64-bit syscall documentation for MacOS assembly
Asked Answered
F

2

5

I'm having trouble finding the good documentation for writing 64-bit assembly on MacOS.

The 64-bit SysV ABI says the following in section A.2.1 and this SO post quotes it:

  • A system-call is done via the syscall instruction. The kernel destroys registers %rcx and %r11.

  • Returning from the syscall, register %rax contains the result of the system-call. A value in the range between -4095 and -1 indicates an error, it is -errno.

Those two sentences are ok on Linux but are wrong on macOS Sierra with the following code:

global _start
extern _exit

section .text
_start:

; Align stack to 16 bytes for libc
and rsp, 0xFFFFFFFFFFFFFFF0

; Call write
mov rdx, 12             ; size
mov rsi, hello          ; buf
mov edi, 1              ; fd
mov rax, 0x2000004      ; write ; replace to mov rax, 0x1 on linux
syscall

jc .err                 ; Jumps on error on macOS, but why?
jnc .ok

.err:
mov rdi, -1
call _exit              ; exit(-1)

.ok:
; Expect rdx to be 12, but it isn't on macOS!
mov rdi, rdx
call _exit              ; exit(rdx)

; String for write
section .data
hello:
.str db `Hello world\n`
.len equ $-hello.str

Compile with NASM:

; MacOS: nasm -f macho64 syscall.asm && ld syscall.o -lc -macosx_version_min 10.12 -e _start -o syscall
; Linux: nasm -f elf64 syscall.asm -o syscall.o && ld syscall.o -lc -dynamic-linker /lib64/ld-linux-x86-64.so.2 -o syscall

Run on macOS:

./syscall      # Return value 0
./syscall >&-  # Return value 255 (-1)

I found out that:

  • A syscall return errno an sets the carry flag on error, instead of returning -errno in rax
  • rdx register is clobbered by syscall
  • On Linux, everything works as expected

Why is rdx clobbered? Why doesn't a syscall return -errno? Where can I find the real documentation?

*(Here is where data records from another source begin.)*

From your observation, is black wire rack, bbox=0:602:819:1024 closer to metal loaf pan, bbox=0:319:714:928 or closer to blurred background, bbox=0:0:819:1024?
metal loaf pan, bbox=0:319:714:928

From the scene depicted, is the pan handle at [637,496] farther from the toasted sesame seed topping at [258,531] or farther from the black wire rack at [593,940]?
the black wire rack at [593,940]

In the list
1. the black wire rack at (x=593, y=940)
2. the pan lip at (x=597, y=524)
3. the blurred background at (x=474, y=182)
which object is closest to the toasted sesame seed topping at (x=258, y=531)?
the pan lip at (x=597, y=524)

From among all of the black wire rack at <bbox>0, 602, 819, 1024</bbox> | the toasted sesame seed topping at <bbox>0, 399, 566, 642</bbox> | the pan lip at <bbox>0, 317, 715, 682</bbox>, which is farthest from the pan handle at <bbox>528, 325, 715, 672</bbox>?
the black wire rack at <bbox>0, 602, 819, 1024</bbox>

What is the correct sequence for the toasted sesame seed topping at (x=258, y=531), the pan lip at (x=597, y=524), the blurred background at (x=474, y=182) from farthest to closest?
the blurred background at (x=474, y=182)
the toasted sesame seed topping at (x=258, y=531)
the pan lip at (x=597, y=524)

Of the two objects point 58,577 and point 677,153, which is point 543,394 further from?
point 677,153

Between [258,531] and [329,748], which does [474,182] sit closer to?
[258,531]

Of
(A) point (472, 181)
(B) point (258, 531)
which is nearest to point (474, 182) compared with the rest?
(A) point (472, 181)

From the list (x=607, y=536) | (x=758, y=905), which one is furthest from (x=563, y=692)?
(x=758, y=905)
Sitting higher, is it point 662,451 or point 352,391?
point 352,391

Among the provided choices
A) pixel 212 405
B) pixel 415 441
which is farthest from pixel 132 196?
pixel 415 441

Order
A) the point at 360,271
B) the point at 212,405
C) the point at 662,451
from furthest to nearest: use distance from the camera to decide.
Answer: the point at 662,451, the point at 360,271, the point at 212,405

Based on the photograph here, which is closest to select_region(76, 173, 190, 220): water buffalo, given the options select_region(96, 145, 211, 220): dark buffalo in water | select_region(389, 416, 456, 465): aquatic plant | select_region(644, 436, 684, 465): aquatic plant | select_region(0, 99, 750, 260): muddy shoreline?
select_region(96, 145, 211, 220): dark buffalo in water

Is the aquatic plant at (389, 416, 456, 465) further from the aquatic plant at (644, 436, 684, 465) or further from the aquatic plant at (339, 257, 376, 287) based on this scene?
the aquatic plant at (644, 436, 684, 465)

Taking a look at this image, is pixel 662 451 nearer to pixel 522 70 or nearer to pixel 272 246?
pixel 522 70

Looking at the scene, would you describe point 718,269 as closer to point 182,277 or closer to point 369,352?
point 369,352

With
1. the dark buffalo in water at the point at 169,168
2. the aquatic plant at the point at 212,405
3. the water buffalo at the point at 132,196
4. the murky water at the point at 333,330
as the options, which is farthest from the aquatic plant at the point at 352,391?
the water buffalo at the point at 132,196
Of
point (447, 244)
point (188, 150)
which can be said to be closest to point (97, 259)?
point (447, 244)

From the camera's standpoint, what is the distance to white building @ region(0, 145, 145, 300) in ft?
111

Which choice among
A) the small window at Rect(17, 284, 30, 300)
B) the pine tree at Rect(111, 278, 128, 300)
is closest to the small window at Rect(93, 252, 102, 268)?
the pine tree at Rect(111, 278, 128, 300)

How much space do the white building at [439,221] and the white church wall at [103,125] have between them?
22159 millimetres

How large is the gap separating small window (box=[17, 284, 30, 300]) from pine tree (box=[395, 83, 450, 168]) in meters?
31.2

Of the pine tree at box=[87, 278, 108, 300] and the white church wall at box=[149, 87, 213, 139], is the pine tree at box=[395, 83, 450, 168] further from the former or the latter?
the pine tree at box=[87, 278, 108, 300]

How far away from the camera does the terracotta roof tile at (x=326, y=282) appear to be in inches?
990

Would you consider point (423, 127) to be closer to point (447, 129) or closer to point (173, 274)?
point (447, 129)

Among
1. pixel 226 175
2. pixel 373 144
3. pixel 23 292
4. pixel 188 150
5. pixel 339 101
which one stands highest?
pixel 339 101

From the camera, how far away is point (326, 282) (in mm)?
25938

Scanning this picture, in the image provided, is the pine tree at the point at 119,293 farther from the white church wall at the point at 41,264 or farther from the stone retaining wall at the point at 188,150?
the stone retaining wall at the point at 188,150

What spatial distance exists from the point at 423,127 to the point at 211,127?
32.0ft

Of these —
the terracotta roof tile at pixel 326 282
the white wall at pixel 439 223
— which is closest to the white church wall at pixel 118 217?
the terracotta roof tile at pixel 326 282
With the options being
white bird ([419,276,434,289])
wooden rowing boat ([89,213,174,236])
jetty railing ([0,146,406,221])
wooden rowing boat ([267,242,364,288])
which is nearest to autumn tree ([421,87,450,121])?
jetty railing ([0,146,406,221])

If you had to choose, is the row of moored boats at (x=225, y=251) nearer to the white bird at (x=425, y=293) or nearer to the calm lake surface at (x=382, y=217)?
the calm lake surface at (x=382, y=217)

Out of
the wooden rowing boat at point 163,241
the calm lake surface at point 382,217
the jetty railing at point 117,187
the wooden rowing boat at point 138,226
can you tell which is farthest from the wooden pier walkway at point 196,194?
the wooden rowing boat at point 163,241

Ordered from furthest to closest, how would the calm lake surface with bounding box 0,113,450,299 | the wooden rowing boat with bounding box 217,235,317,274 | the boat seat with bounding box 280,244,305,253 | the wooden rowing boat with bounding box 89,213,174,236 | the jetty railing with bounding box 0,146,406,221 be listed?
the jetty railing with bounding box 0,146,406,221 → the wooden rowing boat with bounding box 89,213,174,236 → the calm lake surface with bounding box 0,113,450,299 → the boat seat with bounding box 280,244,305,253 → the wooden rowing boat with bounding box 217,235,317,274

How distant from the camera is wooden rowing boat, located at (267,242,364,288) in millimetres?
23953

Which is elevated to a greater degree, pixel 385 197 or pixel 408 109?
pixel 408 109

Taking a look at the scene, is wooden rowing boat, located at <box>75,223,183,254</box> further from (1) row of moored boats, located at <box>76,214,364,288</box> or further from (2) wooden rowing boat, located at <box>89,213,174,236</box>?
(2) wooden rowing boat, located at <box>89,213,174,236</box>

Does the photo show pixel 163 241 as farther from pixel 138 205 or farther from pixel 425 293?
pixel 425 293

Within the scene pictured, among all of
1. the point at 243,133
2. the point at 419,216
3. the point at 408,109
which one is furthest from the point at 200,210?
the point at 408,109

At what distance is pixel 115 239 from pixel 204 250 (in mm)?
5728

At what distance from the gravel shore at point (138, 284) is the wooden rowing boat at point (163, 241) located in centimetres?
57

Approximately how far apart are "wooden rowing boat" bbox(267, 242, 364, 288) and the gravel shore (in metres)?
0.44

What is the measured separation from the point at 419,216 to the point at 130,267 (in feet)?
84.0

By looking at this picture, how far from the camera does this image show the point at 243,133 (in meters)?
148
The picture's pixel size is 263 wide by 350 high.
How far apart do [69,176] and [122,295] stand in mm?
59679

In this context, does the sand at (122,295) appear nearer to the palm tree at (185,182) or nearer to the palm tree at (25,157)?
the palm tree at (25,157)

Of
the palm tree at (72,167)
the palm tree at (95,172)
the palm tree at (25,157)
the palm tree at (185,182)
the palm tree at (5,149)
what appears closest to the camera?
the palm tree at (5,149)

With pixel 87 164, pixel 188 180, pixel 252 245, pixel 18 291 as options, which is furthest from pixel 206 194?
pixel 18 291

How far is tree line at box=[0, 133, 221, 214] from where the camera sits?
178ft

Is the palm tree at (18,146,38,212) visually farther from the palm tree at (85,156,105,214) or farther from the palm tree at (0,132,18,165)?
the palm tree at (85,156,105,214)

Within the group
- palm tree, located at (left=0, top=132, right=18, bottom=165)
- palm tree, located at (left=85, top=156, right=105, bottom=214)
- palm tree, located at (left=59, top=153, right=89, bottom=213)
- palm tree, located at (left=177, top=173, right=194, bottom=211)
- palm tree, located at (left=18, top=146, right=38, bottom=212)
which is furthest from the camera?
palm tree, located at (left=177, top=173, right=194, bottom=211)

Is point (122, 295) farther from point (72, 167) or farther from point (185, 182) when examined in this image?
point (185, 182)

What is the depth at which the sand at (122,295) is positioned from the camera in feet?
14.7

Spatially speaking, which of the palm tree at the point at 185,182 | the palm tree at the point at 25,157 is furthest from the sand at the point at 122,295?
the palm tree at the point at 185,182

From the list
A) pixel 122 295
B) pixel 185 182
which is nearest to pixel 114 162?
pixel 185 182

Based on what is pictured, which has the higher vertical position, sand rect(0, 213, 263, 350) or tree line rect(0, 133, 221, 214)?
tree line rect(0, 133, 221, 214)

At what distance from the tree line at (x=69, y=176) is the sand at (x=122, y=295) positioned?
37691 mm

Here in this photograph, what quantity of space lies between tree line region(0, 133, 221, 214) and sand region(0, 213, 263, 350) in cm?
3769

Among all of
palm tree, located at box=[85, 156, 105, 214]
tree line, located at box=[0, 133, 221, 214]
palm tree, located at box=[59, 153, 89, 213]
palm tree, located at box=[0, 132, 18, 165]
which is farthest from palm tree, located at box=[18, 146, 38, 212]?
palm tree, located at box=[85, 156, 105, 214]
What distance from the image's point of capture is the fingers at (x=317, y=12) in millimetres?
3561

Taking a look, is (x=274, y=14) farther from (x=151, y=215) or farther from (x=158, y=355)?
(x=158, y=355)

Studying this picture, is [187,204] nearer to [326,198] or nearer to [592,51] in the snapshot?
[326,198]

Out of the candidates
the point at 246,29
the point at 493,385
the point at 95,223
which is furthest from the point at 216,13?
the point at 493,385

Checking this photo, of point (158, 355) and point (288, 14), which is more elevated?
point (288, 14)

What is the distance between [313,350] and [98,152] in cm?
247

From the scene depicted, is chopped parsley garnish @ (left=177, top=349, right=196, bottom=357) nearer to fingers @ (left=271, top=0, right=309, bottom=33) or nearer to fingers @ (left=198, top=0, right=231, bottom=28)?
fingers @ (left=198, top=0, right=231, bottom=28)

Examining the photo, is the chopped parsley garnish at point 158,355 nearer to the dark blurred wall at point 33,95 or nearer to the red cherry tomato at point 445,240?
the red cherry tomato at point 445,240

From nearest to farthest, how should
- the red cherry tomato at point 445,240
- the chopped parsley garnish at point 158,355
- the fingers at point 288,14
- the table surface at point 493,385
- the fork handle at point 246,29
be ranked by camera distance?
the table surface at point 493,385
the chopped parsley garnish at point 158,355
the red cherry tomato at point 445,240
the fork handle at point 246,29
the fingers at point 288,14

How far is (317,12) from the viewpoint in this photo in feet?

The only place I found where someone talks about the carry flag for syscall errors is here

Flocculent answered 15/12, 2017 at 14:37 Comment(5)
Because this an excerpt from a section entitled A.2 AMD64 Linux Kernel Conventions?Tavy
Read this idryman.org/blog/2014/12/02/writing-64-bit-assembly-on-mac-os-xTavy
Good question. I made a quick edit to the SO post you link to, so it no longer claims that section also applies to *BSD (It didn't mention OS X before, does Darwin count as a *BSD? @Jean-BaptisteYunès, do you happen to know if FreeBSD or OpenBSD use the same convention as Linux, or as OS X, on x86-64?)Souterrain
@PeterCordes Alas it seems that different BSD flavor doesn't use the same ABI. FreeBSD seems to be Linux compatible. Minix and NetBSD are compatible. It is difficult to find information about it (I didn't read about those things since many years, so may be I just don't know where to search). One more unix.stackexchange.com/questions/3322/…Tavy
Also related: sigsegv.pl/osx-bsd-syscallsSouterrain
W
4

I used this:

# as hello.asm -o hello.o
# ld hello.o -macosx_version_min 10.13 -e _main -o hello  -lSystem
.section __DATA,__data
str:
  .asciz "Hello world!\n"

.section __TEXT,__text
.globl _main
_main:
  movl $0x2000004, %eax           # preparing system call 4
  movl $1, %edi                   # STDOUT file descriptor is 1
  movq str@GOTPCREL(%rip), %rsi   # The value to print
  movq $13, %rdx                  # the size of the value to print
  syscall

  movl %eax, %edi
  movl $0x2000001, %eax           # exit (return value of the call to write())
  syscall

and was able to catch return value into eax. Here return value is the number of bytes actually written by write system call. And yes MacOS being a BSD variant it is the carry flag that tells you if the syscall was wrong or not (errno is just an external linkage variable).

# hello_asm.s
# as hello_asm.s -o hello_asm.o
# ld hello_asm.o -e _main -o hello_asm
.section __DATA,__data
str:
        .asciz "Hello world!\n"
good:
        .asciz "OK\n"

.section __TEXT,__text
.globl _main
_main:
        movl $0x2000004, %eax           # preparing system call 4
        movl $5, %edi                   # STDOUT file descriptor is 5
        movq str@GOTPCREL(%rip), %rsi   # The value to print
        movq $13, %rdx                  # the size of the value to print
        syscall

        jc err

        movl $0x2000004, %eax           # preparing system call 4
        movl $1, %edi                   # STDOUT file descriptor is 1
        movq good@GOTPCREL(%rip), %rsi  # The value to print
        movq $3, %rdx                   # the size of the value to print
        syscall
        movl $0, %edi
        movl $0x2000001, %eax           # exit 0
        syscall
err:    
        movl $1, %edi
        movl $0x2000001, %eax           # exit 1
        syscall

This will exits with error code one because descriptor 5 was used, if you try descriptor 1 then it will work printing another message and exiting with 0.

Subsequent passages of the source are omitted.